PROBLEM DESCRIPTION:
Whatever lies between the line that holds "Agroturismo El Rinc�n De Ar�n" and the final line of the records below, both included, should be repeated exactly; leave out the pictures and add nothing.

THE INPUT:
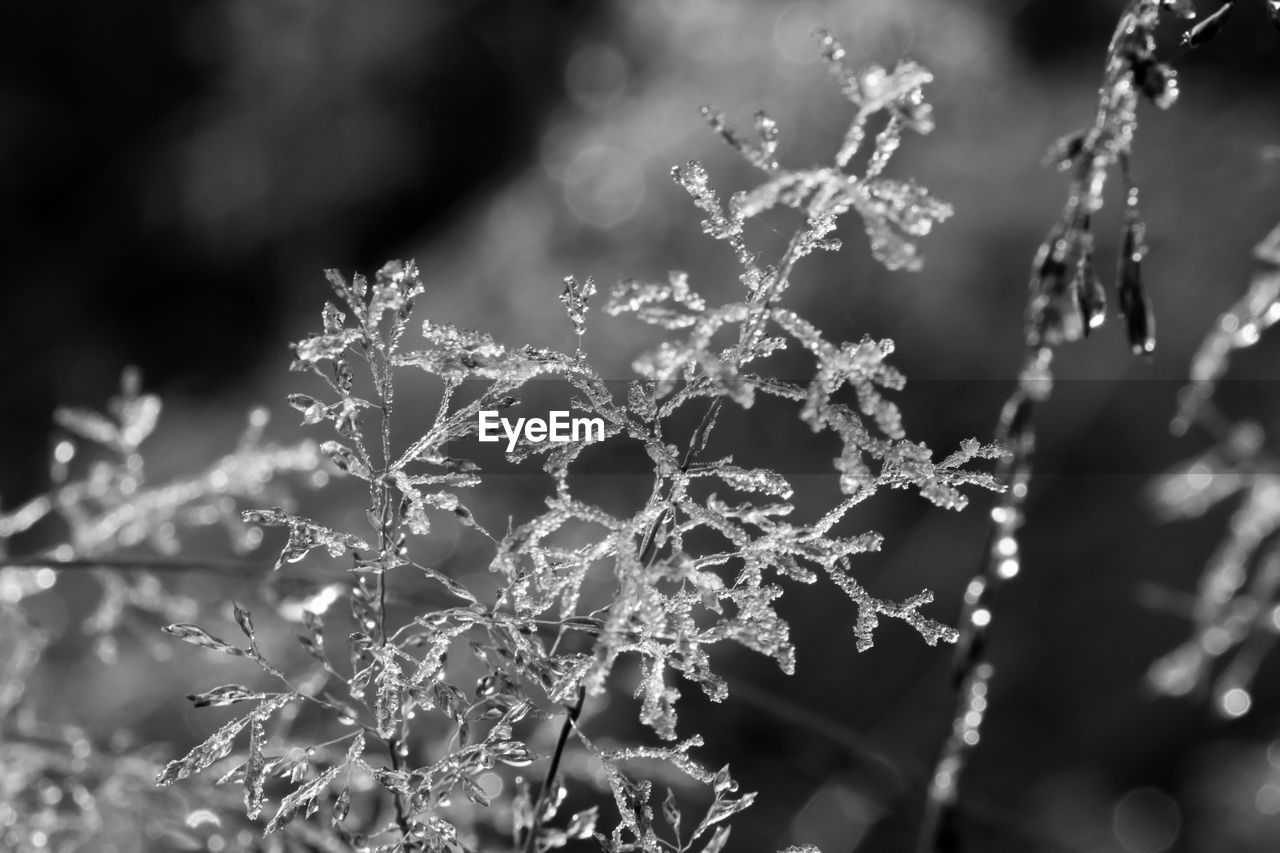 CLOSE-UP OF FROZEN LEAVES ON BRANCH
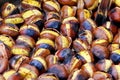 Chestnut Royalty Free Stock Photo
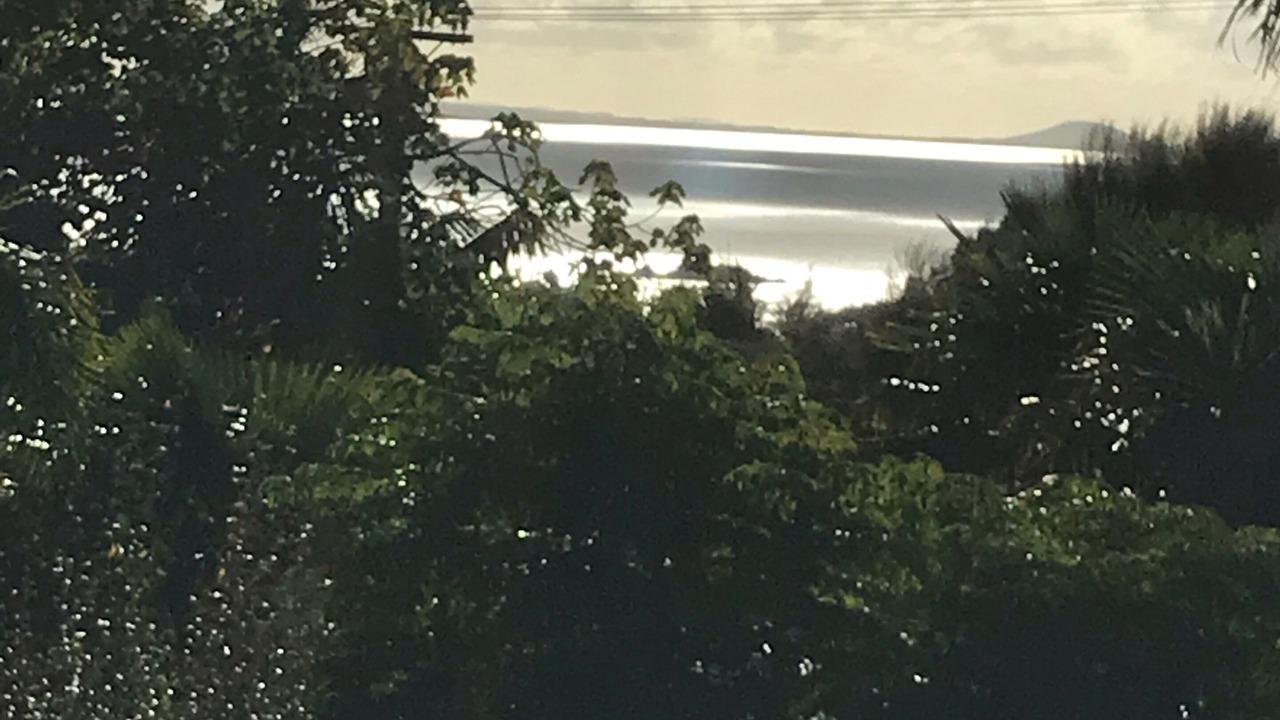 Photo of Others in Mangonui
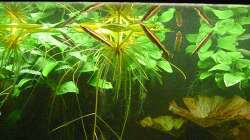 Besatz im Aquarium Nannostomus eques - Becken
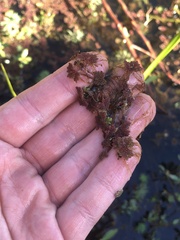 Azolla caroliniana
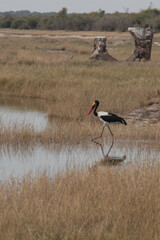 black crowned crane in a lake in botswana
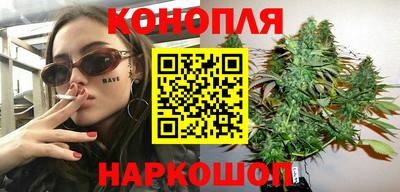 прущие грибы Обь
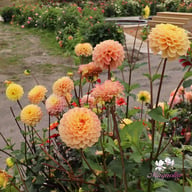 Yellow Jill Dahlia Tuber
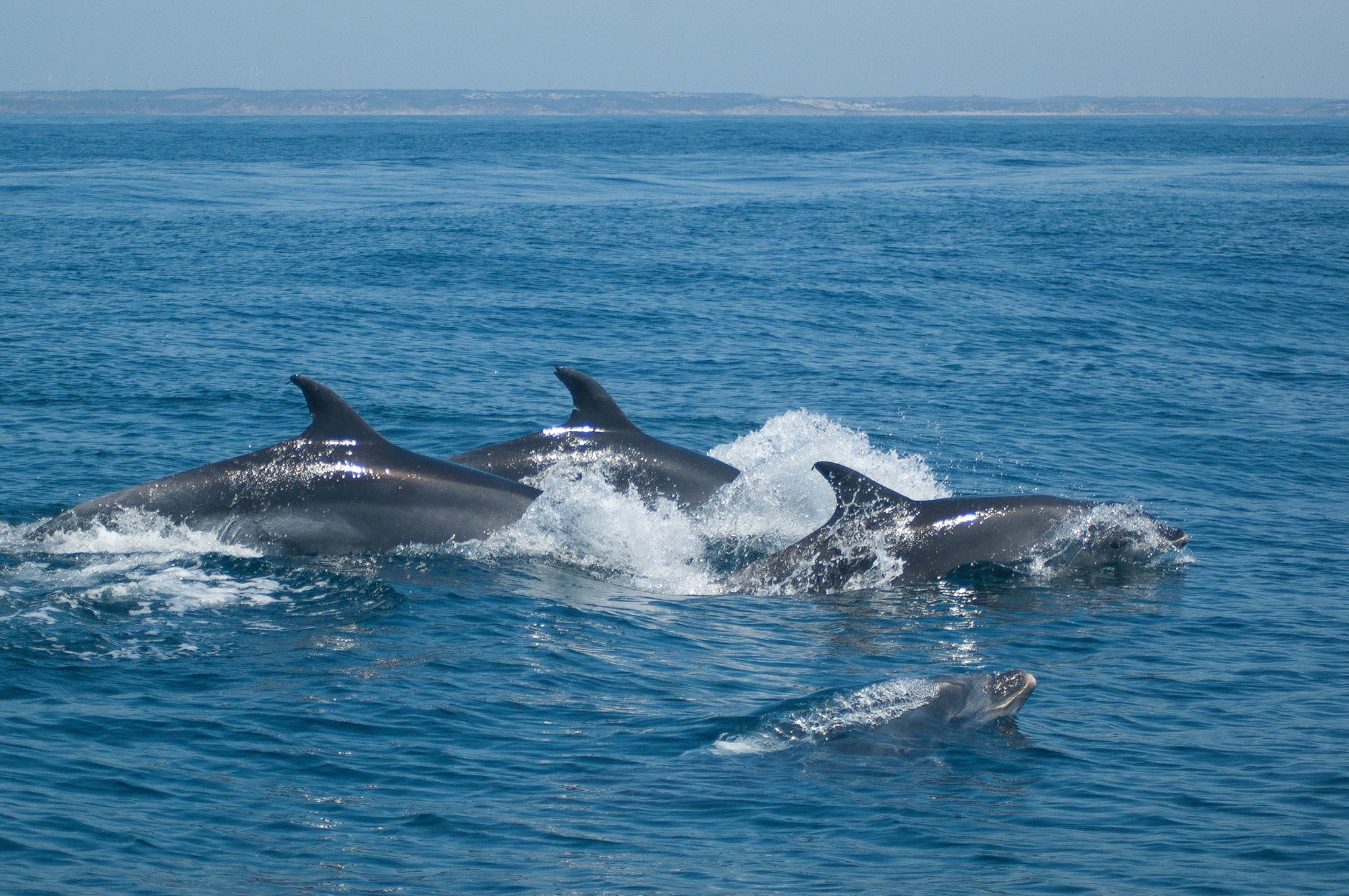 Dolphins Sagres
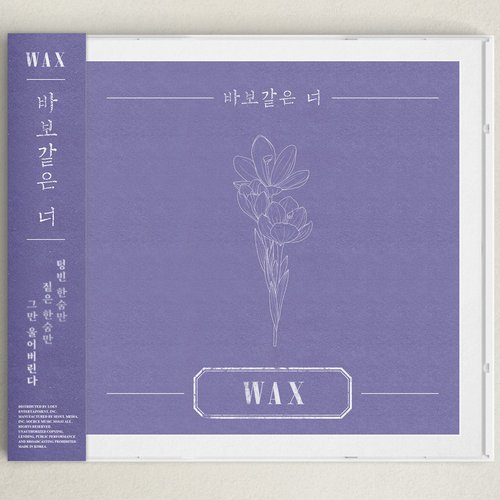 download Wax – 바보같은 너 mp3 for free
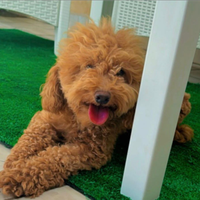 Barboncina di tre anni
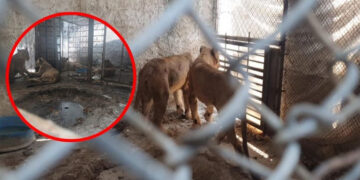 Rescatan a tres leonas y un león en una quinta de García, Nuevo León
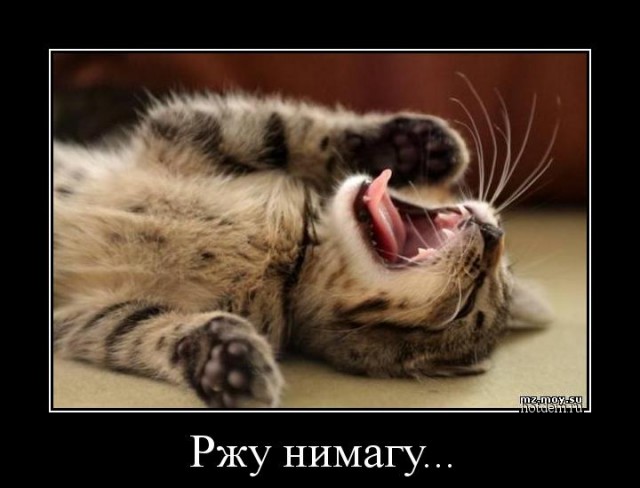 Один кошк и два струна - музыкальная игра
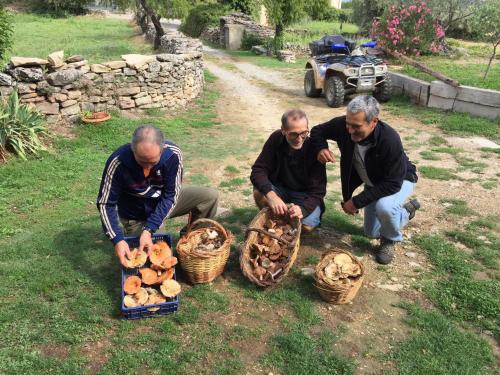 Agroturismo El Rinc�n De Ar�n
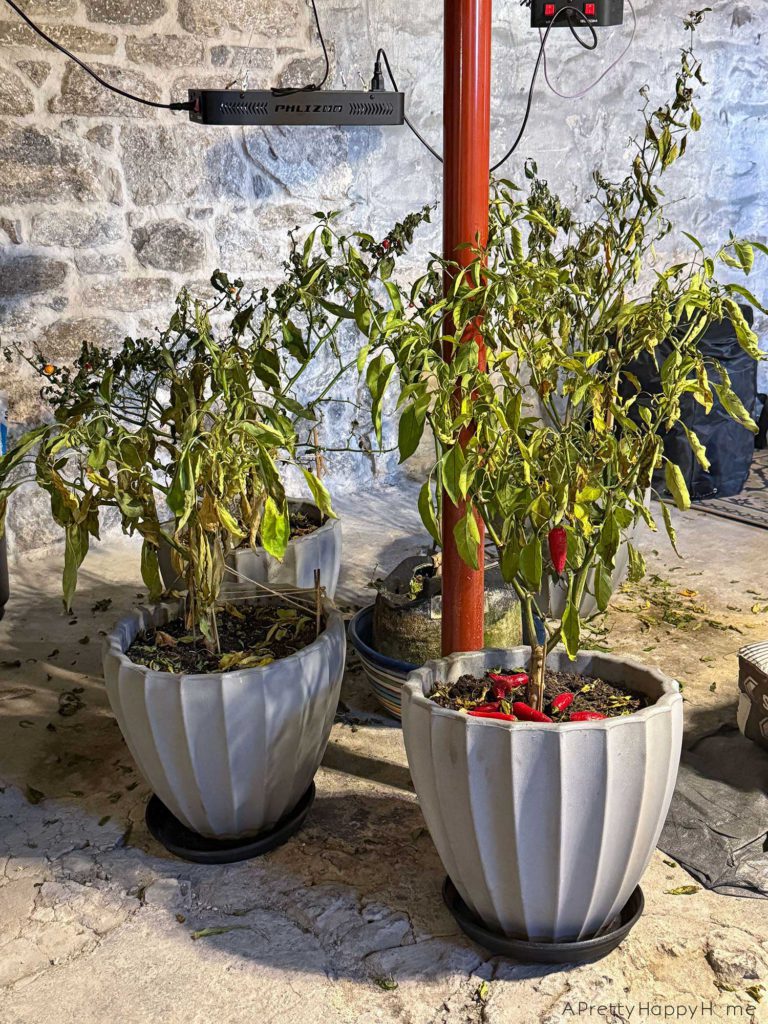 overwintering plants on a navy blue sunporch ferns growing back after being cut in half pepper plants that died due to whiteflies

EXPECTED OUTPUT:
 Agroturismo El Rinc�n De Ar�n
 overwintering plants on a navy blue sunporch ferns growing back after being cut in half pepper plants that died due to whiteflies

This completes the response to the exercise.